Tak Lagi Jadi Limbah B3, Ini Cara Bumi Resources Mengolah FABA

·Bacaan 2 menit

Liputan6.com, Jakarta - PT Bumi Resources Tbk (BUMI) melanjutkan program sustainable development di bidang lingkungan, yakni pemanfaatan Fly Ash & Bottom Ash (FABA) melalui anak usahanya, PT Kaltim Prima Coal (KPC). FABA yang sebelumnya termasuk dalam daftar jenis limbah B3 (Bahan Berbahaya dan Beracun) dapat dimanfaatkan dan memberikan nilai tambah ekonomi.

Sejak 2017, KPC telah menguji coba pemanfaatan FABA sebagai bahan baku lapisan penudung material berpotensi asam (Potential Acid Forming/PAF) dengan beragam tujuan.

Pertama, menguji efektifitas abu batubara dalam meminimalkan pasokan oksigen yang berasal dari proses difusi untuk pencegahan pembentukan air asam tambang.

Selanjutnya, menguji efektifitas abu batubara sebagai penyedia mineral penetral asam dan alkalinitas air pori pada lapisan penudung batuan berpotensi asam (PAF).

Terakhir yakni, menguji efektifitas abu batubara untuk mengendalikan pH air pori pada lapisan penudung batuan berpotensi asam (PAF).

Secara umum uji coba yang dilakukan KPC menunjukkan hasil yang sesuai dengan hipotesa awal, dimana lapisan abu batubara berfungsi optimal sebagai lapisan penghalang difusi oksigen dan material alkali penetral asam.

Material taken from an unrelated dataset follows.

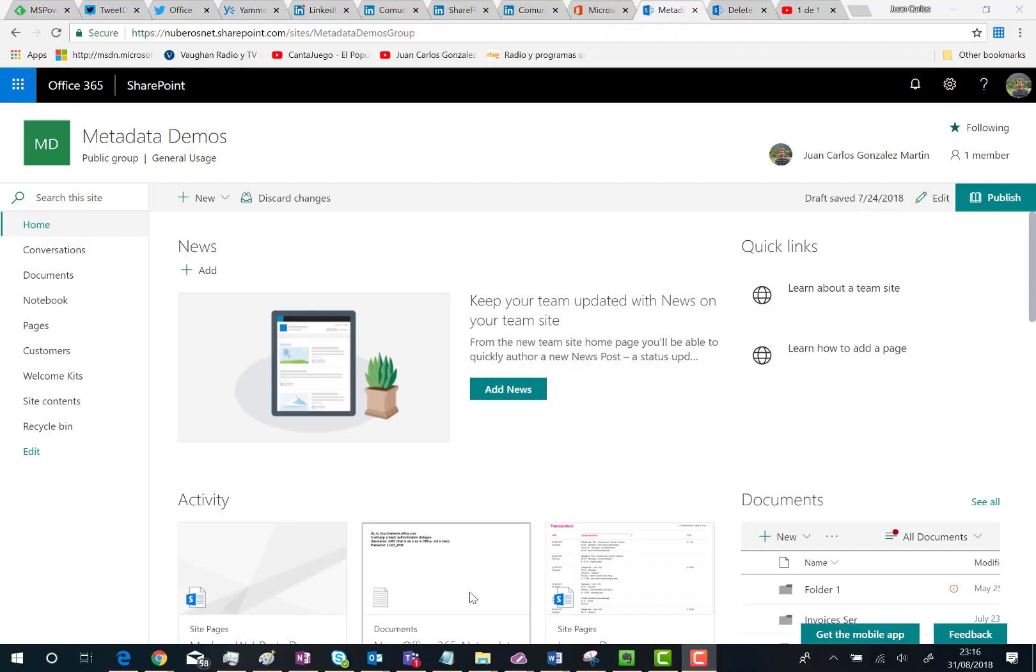Hello there! In this video I'm going to show you how you can create a modern subsite in SharePoint Online Office 365. This is actually quite straightforward thanks to a recent update from Microsoft.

Pemanfaatan FABA sebagai bahan baku lapisan penudung material berpotensi asam (PAF) tahap satu telah dimulai sejak bulan November 2019 di lokasi Galaxy Dump, Area Pinang South. Total area pemanfaatan yakni 2,6 Ha dengan jumlah FABA yang dimanfaatkan sebanyak 40.487,48 ton.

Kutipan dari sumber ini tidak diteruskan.